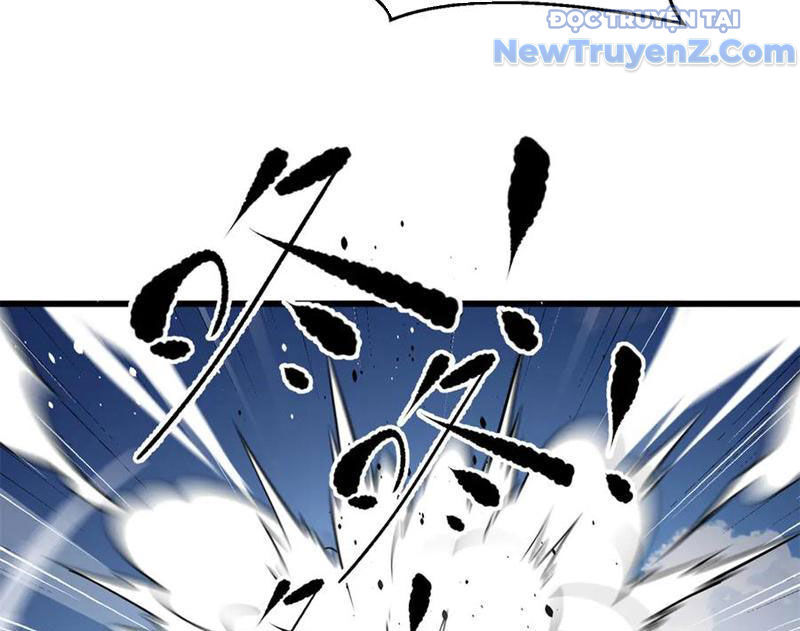 Toàn Cầu Cao Võ [Chap 313-315]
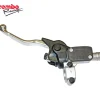 POMPA FRIZIONE ASSIALE BREMBO RACING PS 10 10920350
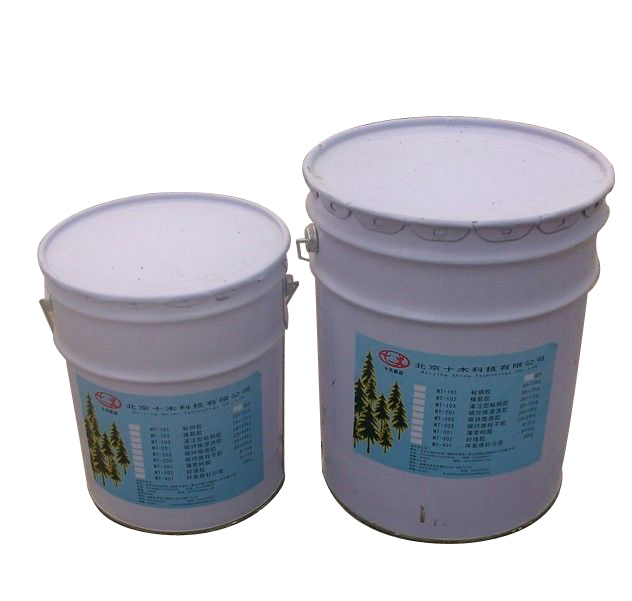 供应国家A级建筑结构胶 /环氧树脂胶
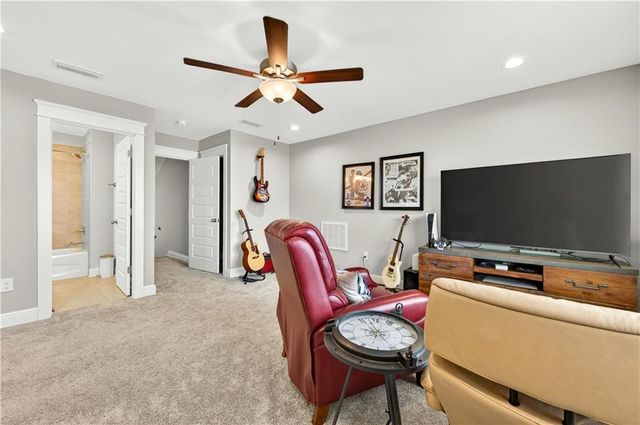 10937 Secretariat Boulevard, Daphne, AL 36526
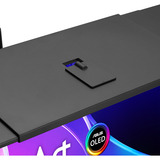 ASUS ProArt Display PA27USD, Monitor OLED Nero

--

Problem details:
Please repeat, exactly and with nothing else, the lines from the one containing "供应国家A级建筑结构胶 /环氧树脂胶" to the last line of the entries, both included, excluding any pictures.

Finished exercise:
 供应国家A级建筑结构胶 /环氧树脂胶
 10937 Secretariat Boulevard, Daphne, AL 36526
 ASUS ProArt Display PA27USD, Monitor OLED Nero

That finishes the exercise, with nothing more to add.